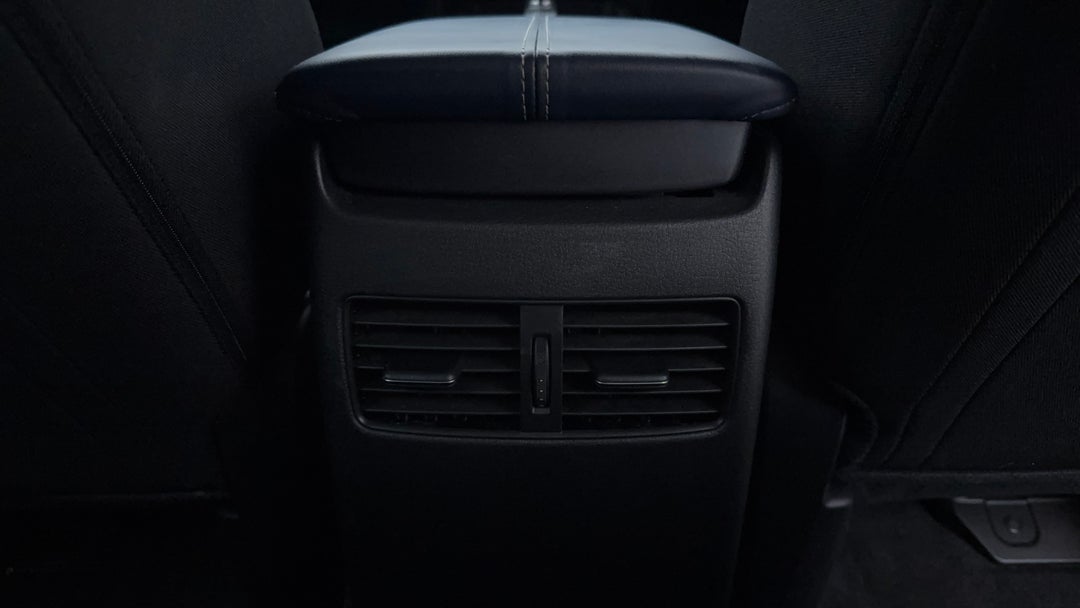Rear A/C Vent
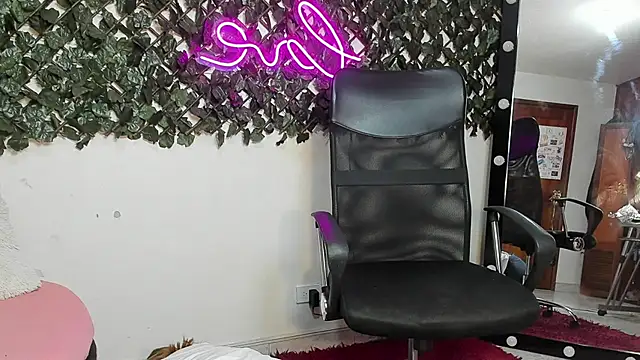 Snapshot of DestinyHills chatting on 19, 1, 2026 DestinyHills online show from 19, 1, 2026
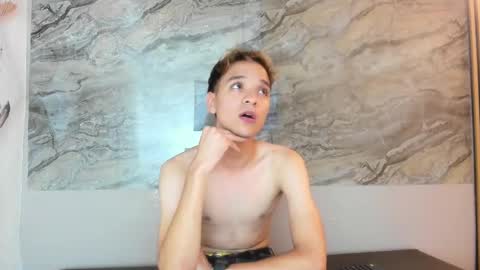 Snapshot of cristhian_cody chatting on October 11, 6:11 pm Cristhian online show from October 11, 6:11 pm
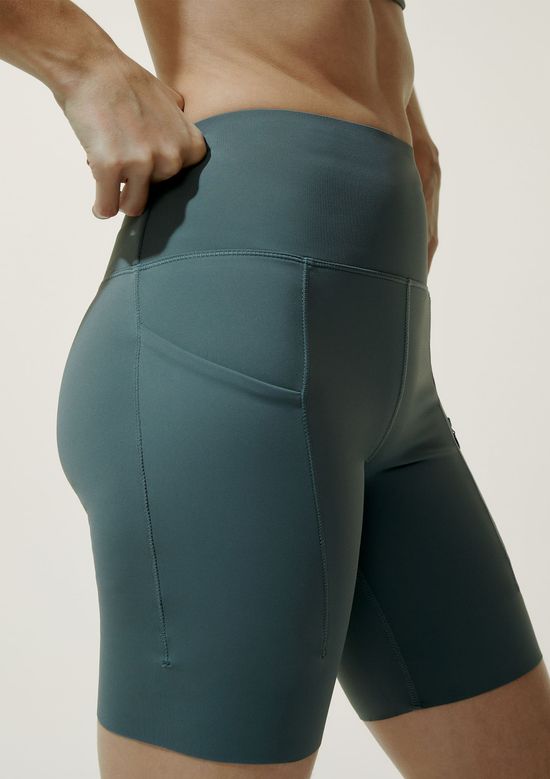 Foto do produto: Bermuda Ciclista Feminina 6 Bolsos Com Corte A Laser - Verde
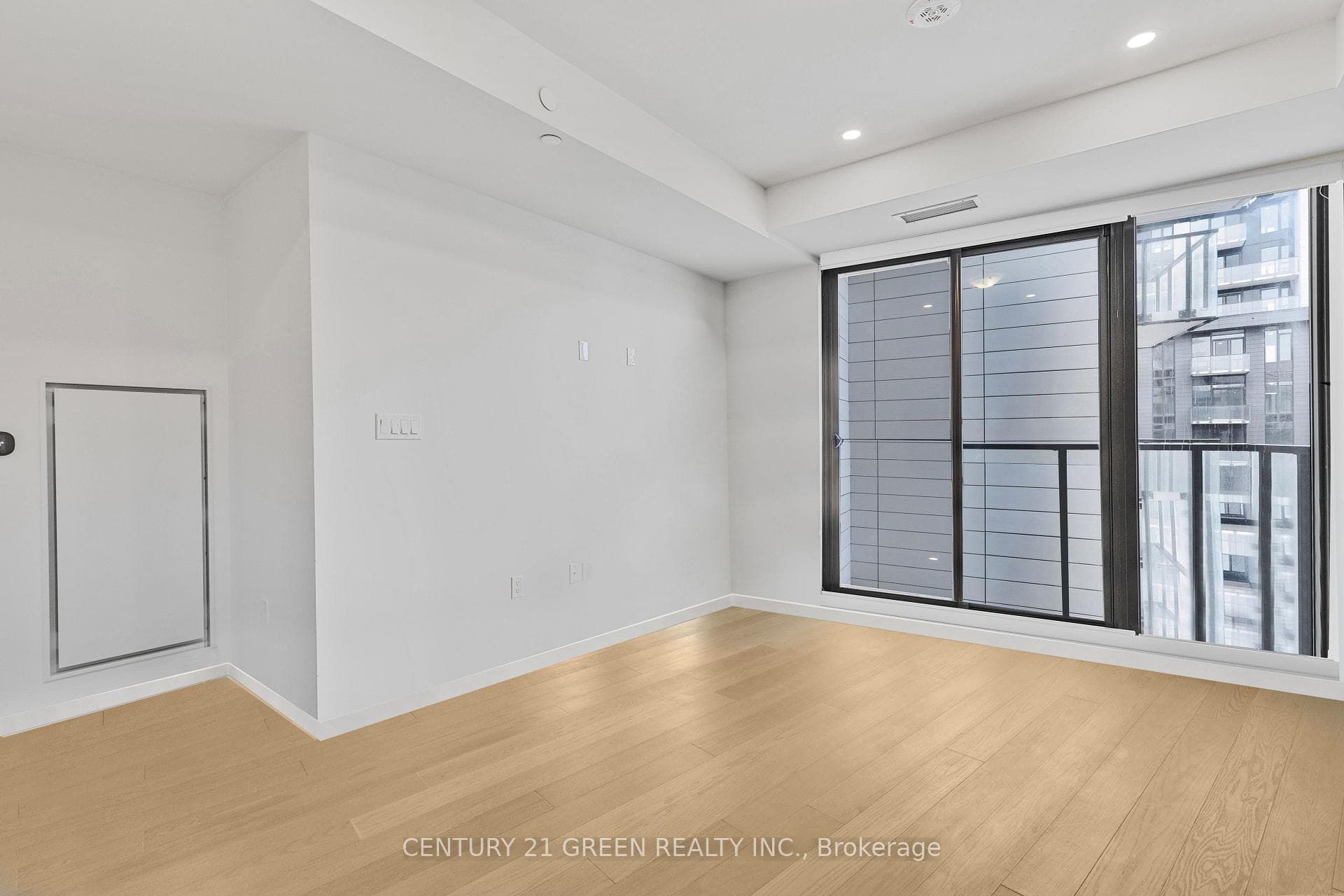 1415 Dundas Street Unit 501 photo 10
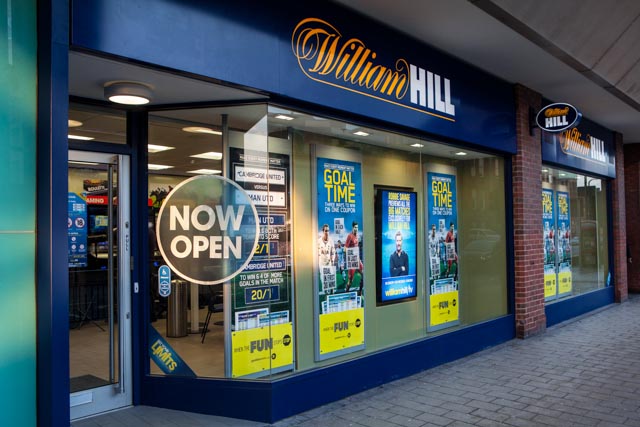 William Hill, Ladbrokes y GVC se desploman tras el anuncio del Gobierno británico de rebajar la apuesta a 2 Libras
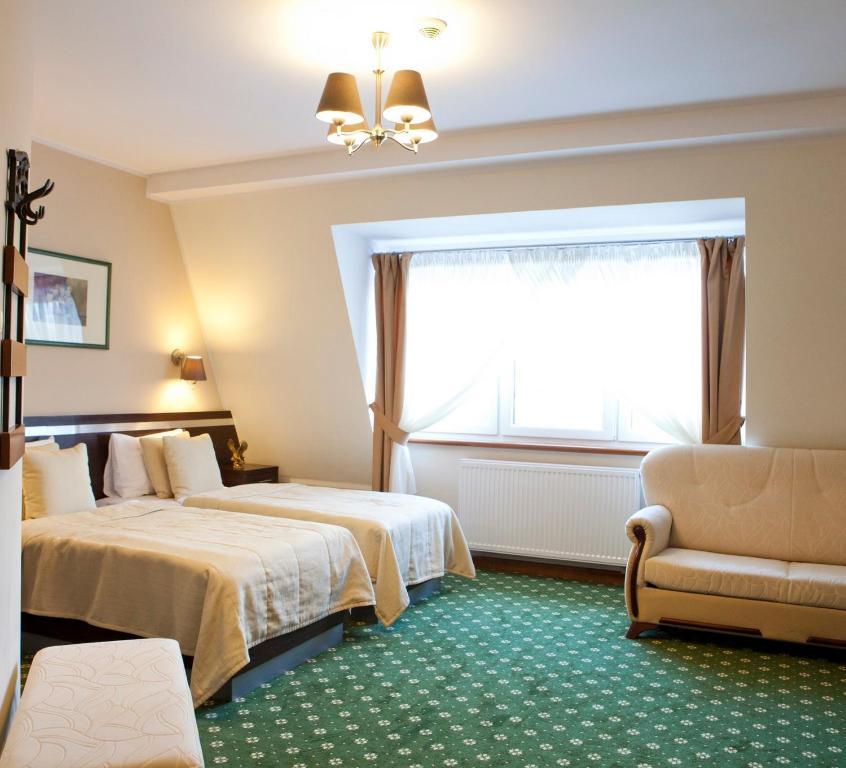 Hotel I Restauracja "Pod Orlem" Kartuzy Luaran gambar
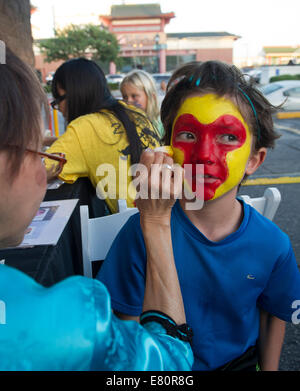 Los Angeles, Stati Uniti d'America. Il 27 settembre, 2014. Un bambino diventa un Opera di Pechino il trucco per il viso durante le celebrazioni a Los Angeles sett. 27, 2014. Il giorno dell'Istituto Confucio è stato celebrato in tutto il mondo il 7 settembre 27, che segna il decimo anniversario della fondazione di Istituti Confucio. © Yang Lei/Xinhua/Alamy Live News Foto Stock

---

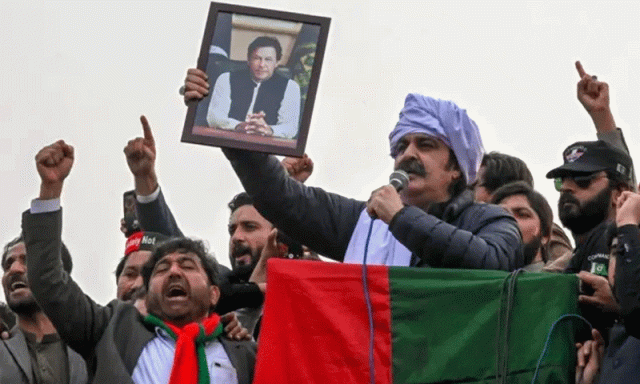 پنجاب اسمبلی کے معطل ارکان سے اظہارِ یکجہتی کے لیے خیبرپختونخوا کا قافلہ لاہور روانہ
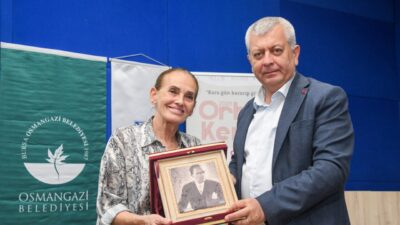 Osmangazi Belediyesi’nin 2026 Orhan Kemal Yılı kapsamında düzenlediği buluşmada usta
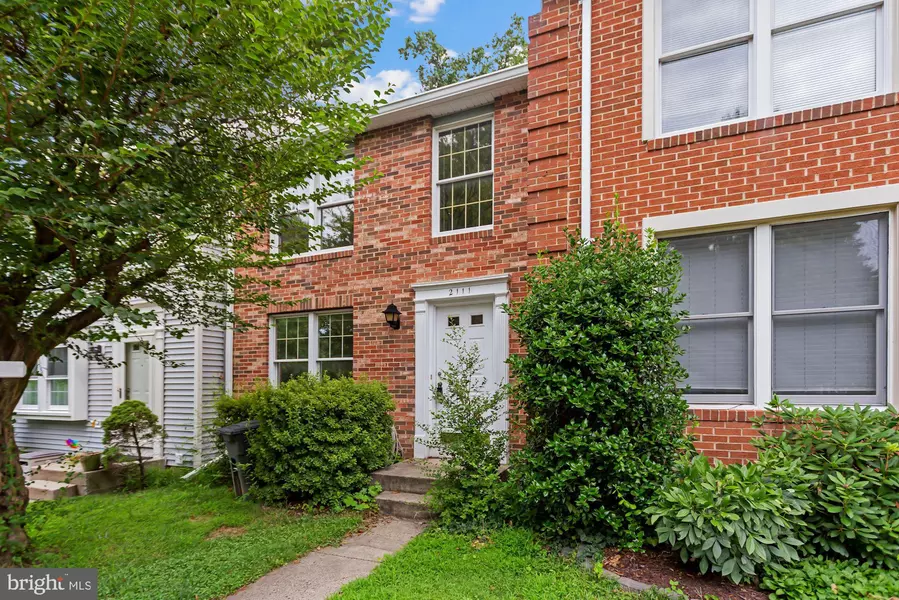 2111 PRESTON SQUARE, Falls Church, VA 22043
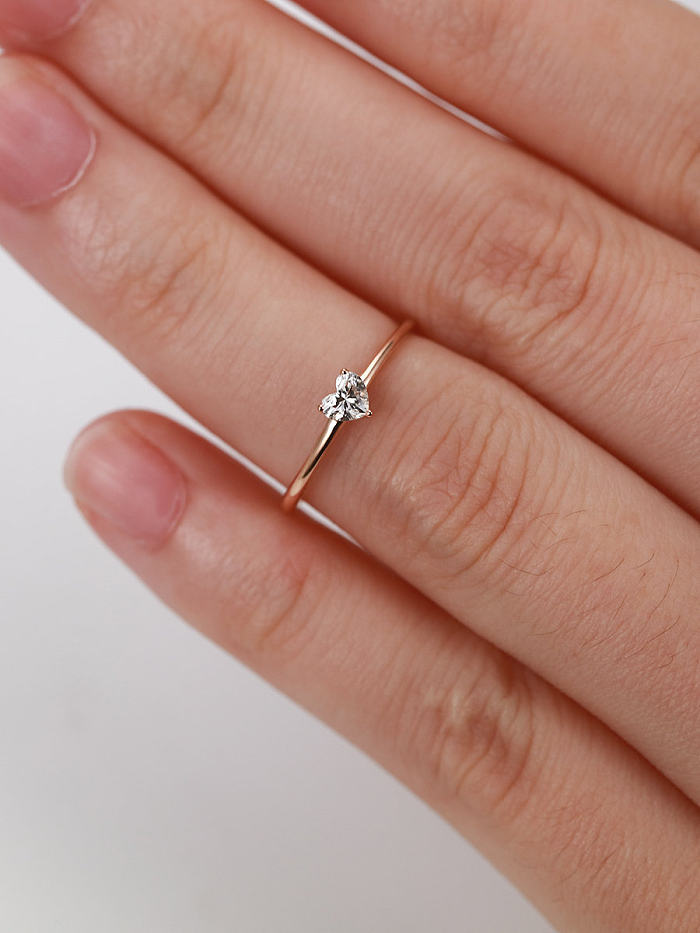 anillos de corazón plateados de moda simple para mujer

▶ **Instructions to follow**
Precisely those lines above that run from the line with "پنجاب اسمبلی کے" up to and including the line with "anillos de corazón" are to be set down, with the pictures omitted.

▶ **Task answer**
 پنجاب اسمبلی کے معطل ارکان سے اظہارِ یکجہتی کے لیے خیبرپختونخوا کا قافلہ لاہور روانہ
 Osmangazi Belediyesi’nin 2026 Orhan Kemal Yılı kapsamında düzenlediği buluşmada usta
 2111 PRESTON SQUARE, Falls Church, VA 22043
 anillos de corazón plateados de moda simple para mujer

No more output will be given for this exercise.